Tokio-Express. Premier contact avec Tokio


Article de René Lévesque paru dans l’hebdomadaire montréalais Le Petit Journal, le 2 septembre 1951, p. 47. (source: BAnQ)


J’ai vu Tokio pour la première fois un soir, de la jeep qui me conduisait de l’aéroport d’Haneda (qui est le Dorval japonais, contrôlé par l’aviation américaine) à l’hôtel Marunouchi. Longue course de plus de trois quart d’heure à travers des quartiers grouillants. Cette ville est immense. J’ai appris par la suite qu’elle s’étalait sur plus de 200 milles carrés et comptait plus de cinq millions d’habitants.

Tokio, USA

En quittant l’aéroport, la voiture a éclairé un instant de ses phares un grand écriteau rouge sur le bord de la route. « Drink Coca-Cola!» Parole d’honneur… Après six ans d’occupation, d’ailleurs, la griffe yankee est partout visible, triomphante. Dans les innombrables boutiques qui transforment des rues entières en autant de bazars, j’ai vu, fièrement installés au sommet des étalages, les tablettes de chocolat Hershey, le savon Palmolive; sous le comptoir, par le canal du marché noir, arrivent les cigarettes. Tout cela, bien entendu, à des prix fous. (Fous, pour la bourse japonaise: le salaire d’un bon ouvrier est ici d’environ 8,000 yen par mois – 22 dollars!)

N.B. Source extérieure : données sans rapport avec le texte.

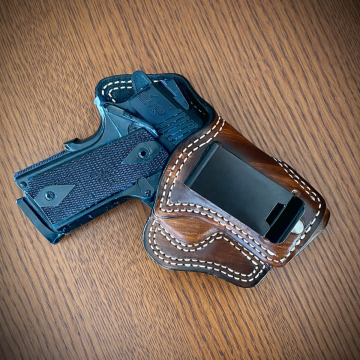 Funda interior IWB de cuero color nogal con inclinación de 10 grados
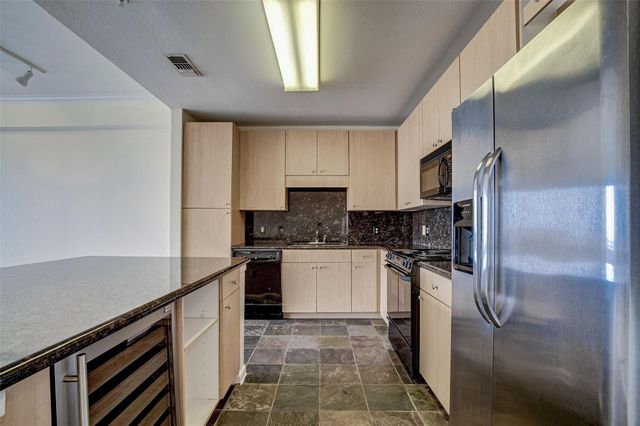 3505 Sage Road 2403, Houston, TX 77056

L’anglais est la langue seconde. Pour s’en convaincre, il suffit de jeter un coup d’œil sur les stands de journaux à tous les carrefours et sur les minuscules librairies qu’on trouve jusque dans les plus misérables recoins – car au Japon, où l’école primaire est absolument obligatoire, il n’est personne qui ne sache au moins lire et écrire couramment. Les seuls journaux que j’y aie vus imprimés autrement qu’en bâtonnets verticaux sont le Nippon Times et le Mainichi, tous deux anglais. J’ai admiré aussi une foule de magazines d’articles de sport, dont la couverture porte invariablement la photo de quelque champion frappeur japonais, le bâton sur l’épaule, s’apprêtant à cogner un coup de circuit. Le baseball est en effet aussi populaire au Japon qu’aux États-Unis, et j’ai vu des équipes de quartier se disputer de furieuses parties à l’ombre même des murs de pierre qui entourent, au centre de Tokio, le palais et les vastes jardins où se promène, trône et songe mystérieusement l’insignifiant petit homme à lunettes qui est toujours l’empereur du pays du soleil levant…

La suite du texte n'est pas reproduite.